The size of the room will dictate what type of heater you choose to some extent but you also need to consider other things. Having a low level halogen heater may not be ideal if you have small children or boisterous pets. A very small oil filled radiator won’t make much impact on a large, open converted loft space or a very cold conservatory.

The cost of the heater is also important. You might want to pay a little bit more for a nice looking heater if you have to spend a lot of time with it, but buying something that is very expensive and looks great but that is not very good at heating the room is a waste of money.

What Does an Electric Heater Cost to Run?

Working out the potential running costs of an electric heater is actually quite easy. You pay for electricity by the kilowatt hour. This figure is usually mentioned on your electricity bills. There is usually a higher rate until a cut-off usage point. After you have used that amount of electricity, the cost drops. At the end of 2009, the average cost of electricity per kilowatt hour was around 20 pence.

It is easy to be misled by claims that manufacturers make in their advertising but remember that all electric heaters are 100% efficient. Just because they claim that, doesn’t mean they are any better than any other heater. Most electrical appliances are not 100% efficient because quite a lot of the electricity is converted to waste heat. But, in the case of a heater, generating heat is the point, so there is no waste.
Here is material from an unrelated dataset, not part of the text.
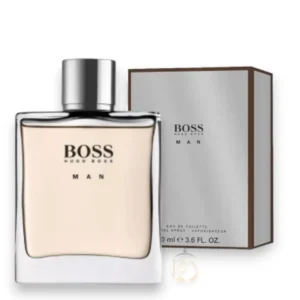 Frasco moderno de Orange Man EDT con su icónico diseño de paneles de cristal y líquido cálido.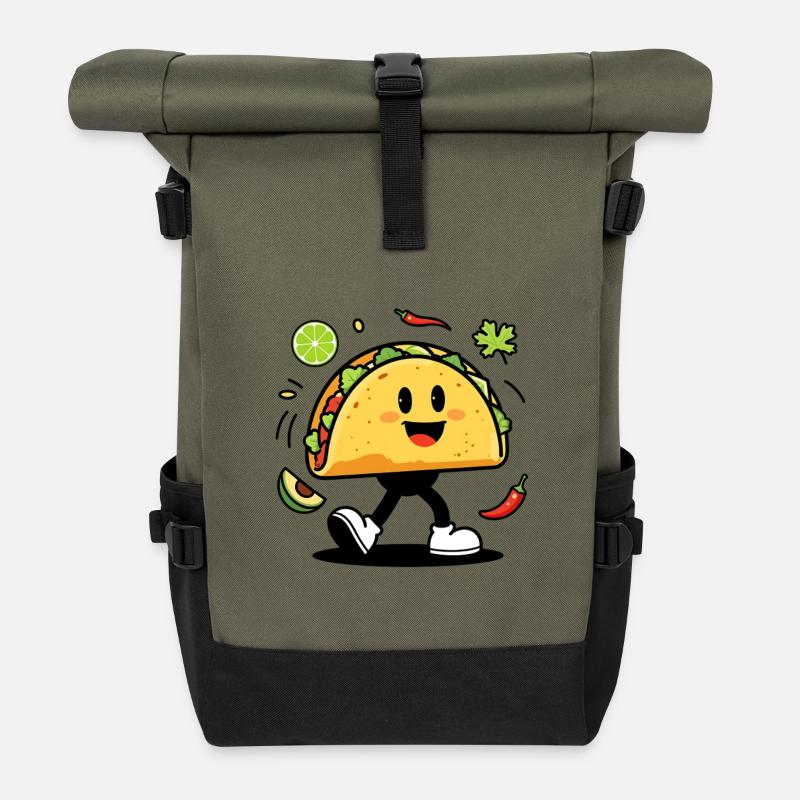 Taco man, man tacos - Roll Top Backpack - olive/black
The instructions, usually also the box, tells you how many kilowatts of heat the heater can deliver. A small, three bar halogen heater is usually 0.4 kilowatts per bar. So, if you ran a heater like this with all three bars for one hour, you would use 1.2 kilowatts of power – which would cost you 24 pence.

Daily, Weekly, Monthly and Annual Costs

Most teenagers might see this and think this was a very cheap deal but it is important to remember that these costs add up. If you use a 1000 watt heater for 6 hours every day – the heating cost per day is £1.20, and per week (assuming 5 days if it’s used in a home office) would be £6. That would be £24 per month or £72 per quarter.

To estimate how much you are saving on your central heating bills by setting the thermostat lower is more difficult. You really need to take weekly readings on your meters (gas or electricity) and try to do a comparison. It takes quite a bit of commitment but if you can save even £50 per quarter by running your heating systems more efficiently, that is a worthwhile goal.